Where the Soup Became Square
How Turkish Lentil Soup and Danish Pea Stew Brought Us to the Same Table
I studied Journalism in high school. While dreaming of becoming a war photographer or a columnist, I eventually realized that in Turkey, the words "journalism" and "prison" are hopelessly intertwined. So I gently shifted my path toward the less political realm of writing into food and enrolled in a university program for Gastronomy and Culinary Arts. For four years, I occasionally stepped into the kitchen, but mostly immersed myself in the science, art, and history of food. Naturally, I came to understand that food is inherently political too. And as long as I was within Turkey’s borders, I made sure to keep my voice just a touch quieter because, as you know, voices can’t be heard from inside a prison.So it was that my most joyful high school memories weren’t tied to writing news stories, but to food.
Those who live in Istanbul know, traffic has no schedule. It’s always just… there. Every day felt like a battle to make it home, especially since my journalism dream had placed me in a school far away, requiring a two-hour journey each way. There were four of us who shared that same long road. Over time, surviving the commute became a kind of food ritual. Our mission was simple: finish class, head straight to the little eatery on the corner, have a bowl of soup, and make it home in one piece.
Every day… same place, same soup. One of our friends would cover their bowl with a mountain of pul biber (that fiery Turkish pepper) and brace themselves for the reflux, clutching a soda with baking soda like a shield.
Four years passed like that.
Lentil soup, politics, the news, traffic…
Now let’s zoom in on that soup, with the lens of a camera, like in a scene from a film.

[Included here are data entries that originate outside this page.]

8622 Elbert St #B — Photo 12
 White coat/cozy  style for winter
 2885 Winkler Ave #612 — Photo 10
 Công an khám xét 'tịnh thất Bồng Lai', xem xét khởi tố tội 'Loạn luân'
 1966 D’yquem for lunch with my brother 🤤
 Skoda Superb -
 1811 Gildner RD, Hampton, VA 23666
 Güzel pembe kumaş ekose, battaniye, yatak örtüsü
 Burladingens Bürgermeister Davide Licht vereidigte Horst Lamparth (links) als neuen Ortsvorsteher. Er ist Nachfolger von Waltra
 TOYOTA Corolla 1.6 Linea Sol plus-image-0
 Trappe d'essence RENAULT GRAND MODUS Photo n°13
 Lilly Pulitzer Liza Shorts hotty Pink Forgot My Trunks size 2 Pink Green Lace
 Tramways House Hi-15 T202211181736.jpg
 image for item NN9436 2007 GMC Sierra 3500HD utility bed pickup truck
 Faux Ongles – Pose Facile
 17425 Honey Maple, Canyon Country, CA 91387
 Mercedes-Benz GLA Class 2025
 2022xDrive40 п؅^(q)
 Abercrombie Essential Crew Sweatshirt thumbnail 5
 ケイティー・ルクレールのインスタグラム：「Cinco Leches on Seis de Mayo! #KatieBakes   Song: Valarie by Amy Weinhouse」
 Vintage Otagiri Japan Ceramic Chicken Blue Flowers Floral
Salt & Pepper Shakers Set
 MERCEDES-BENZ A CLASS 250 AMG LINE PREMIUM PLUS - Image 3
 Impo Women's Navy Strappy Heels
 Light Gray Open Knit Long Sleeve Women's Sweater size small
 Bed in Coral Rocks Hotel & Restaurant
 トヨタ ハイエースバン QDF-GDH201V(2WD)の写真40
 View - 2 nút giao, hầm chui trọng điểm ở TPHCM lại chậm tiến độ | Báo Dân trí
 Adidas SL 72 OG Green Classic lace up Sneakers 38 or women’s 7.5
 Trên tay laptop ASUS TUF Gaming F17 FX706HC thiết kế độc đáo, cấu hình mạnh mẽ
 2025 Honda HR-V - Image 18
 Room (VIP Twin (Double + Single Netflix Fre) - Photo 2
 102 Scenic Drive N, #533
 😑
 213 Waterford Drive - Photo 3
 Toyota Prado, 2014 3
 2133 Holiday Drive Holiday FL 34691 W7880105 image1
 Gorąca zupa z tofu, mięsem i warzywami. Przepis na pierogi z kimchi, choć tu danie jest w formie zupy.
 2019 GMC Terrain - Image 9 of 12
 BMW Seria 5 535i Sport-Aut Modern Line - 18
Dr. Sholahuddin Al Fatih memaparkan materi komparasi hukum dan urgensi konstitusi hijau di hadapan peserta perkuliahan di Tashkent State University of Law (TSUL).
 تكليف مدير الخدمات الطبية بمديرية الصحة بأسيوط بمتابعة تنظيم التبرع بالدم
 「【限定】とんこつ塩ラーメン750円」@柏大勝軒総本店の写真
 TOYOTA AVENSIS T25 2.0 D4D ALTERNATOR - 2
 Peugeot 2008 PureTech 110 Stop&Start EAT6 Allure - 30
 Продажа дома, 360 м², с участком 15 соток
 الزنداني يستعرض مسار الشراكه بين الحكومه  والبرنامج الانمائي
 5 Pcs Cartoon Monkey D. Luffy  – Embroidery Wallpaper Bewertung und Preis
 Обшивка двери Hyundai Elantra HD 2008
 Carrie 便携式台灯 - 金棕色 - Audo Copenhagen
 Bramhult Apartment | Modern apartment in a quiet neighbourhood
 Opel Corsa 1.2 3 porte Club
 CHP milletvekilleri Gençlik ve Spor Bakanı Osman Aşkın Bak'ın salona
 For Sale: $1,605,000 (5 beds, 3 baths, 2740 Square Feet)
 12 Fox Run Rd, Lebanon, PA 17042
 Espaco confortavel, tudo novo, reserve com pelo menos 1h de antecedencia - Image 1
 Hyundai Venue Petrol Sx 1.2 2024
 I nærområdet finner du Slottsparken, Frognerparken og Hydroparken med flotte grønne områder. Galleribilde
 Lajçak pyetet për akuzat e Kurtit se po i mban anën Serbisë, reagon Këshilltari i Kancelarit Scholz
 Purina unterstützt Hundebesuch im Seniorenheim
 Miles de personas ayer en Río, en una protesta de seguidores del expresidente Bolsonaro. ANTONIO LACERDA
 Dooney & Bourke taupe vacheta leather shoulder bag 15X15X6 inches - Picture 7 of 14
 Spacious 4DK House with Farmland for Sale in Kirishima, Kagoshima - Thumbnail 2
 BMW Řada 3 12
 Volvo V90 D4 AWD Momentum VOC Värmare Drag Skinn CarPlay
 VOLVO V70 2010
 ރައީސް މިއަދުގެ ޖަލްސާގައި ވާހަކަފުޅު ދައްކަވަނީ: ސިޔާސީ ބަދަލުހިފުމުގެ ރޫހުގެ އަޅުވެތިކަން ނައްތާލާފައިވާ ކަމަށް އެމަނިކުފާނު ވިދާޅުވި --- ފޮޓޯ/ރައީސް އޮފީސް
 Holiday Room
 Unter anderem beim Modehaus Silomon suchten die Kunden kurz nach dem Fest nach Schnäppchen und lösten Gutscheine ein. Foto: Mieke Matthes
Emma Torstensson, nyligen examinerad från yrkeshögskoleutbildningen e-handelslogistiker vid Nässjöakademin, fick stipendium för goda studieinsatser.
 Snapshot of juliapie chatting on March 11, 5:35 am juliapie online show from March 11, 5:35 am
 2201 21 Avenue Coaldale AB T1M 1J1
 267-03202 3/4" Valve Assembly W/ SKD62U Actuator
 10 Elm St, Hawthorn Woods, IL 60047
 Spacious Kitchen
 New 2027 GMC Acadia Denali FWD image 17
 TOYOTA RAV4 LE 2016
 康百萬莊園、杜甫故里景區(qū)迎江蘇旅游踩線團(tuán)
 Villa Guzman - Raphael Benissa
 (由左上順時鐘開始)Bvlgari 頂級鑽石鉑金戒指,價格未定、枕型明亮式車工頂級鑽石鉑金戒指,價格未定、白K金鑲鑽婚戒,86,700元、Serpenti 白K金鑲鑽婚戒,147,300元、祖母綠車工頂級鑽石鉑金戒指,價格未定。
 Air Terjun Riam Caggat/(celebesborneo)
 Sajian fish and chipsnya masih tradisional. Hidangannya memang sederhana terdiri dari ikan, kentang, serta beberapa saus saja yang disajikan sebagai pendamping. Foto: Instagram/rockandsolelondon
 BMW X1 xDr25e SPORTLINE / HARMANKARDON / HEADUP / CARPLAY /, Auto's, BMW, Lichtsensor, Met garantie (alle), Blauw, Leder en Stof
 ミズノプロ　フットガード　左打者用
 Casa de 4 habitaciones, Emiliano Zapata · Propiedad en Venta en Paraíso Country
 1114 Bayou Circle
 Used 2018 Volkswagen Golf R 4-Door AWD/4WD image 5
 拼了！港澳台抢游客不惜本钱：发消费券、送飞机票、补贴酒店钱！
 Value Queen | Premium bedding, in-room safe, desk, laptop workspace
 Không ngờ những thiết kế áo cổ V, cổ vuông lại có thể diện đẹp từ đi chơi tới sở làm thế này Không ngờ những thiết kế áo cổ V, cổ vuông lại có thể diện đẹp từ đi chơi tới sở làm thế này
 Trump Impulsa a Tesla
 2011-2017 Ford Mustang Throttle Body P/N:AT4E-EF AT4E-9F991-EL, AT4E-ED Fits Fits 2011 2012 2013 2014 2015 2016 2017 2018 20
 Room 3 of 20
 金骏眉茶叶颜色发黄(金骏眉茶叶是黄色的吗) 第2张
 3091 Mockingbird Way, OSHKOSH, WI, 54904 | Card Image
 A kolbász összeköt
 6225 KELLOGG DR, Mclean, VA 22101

Wherever you go in Turkey, in every eatery, kebab house, or restaurant, one item always stands tall at the top of the menu: lentil soup. The warm, comforting dish mothers whip up by tossing everything into a pot in two minutes flat, saving the day with its golden simplicity…
Years later, I made that soup again.
My Danish husband took one spoonful and said;
‘‘This tastes just like our gule ærter.’’
No… It was our lentil soup!
I didn’t think much of it at the time. The soup faded into memory.
But as I began to nourish my roots through Kavata, I wanted to build the foundation of my recipes using local ingredients here in Denmark. I spent hours thinking about how to adapt my recipes to what grows and thrives here.
I ordered kilos of dried beans. Fuego beans, dried peas, Ingrid ærter…
Fuego beans reminded me of our fava meze, but they also evoked the taste of that old lentil soup from back in the day.
So I made a classic bowl of lentil soup with fuego beans.
My husband immediately commented;
‘‘This tastes just like our gule ærter.’’
No! It is our fava meze. I didn’t use
ingrid ærter!
To me, it tasted like a cross between fava meze and that golden-yellow lentil soup from my school days.
And just like that, two people from entirely different cultures found themselves at the same table, through a bowl of soup.
I was over the moon.
I decided then and there to create a new recipe from those beans.
A little Danish, a little Turkish…
Paying homage to fava, that beloved meze.
Infused with the aroma of fennel and cinnamon…
Blended with the fresh, grassy note of asparagus…
A Danish lentil soup transformed into a Turkish-style meze.
What we ended up with was a tiny, spoonable soup, a bite-sized meze, that left a big smile on our faces.
Cultures, ideas, beliefs, people…
No matter how much we try to separate them, in the end, they’re this close.
At the heart of it, we’re all just a simple bowl of soup.
A warm memory.
May the abundance of beans be with you always.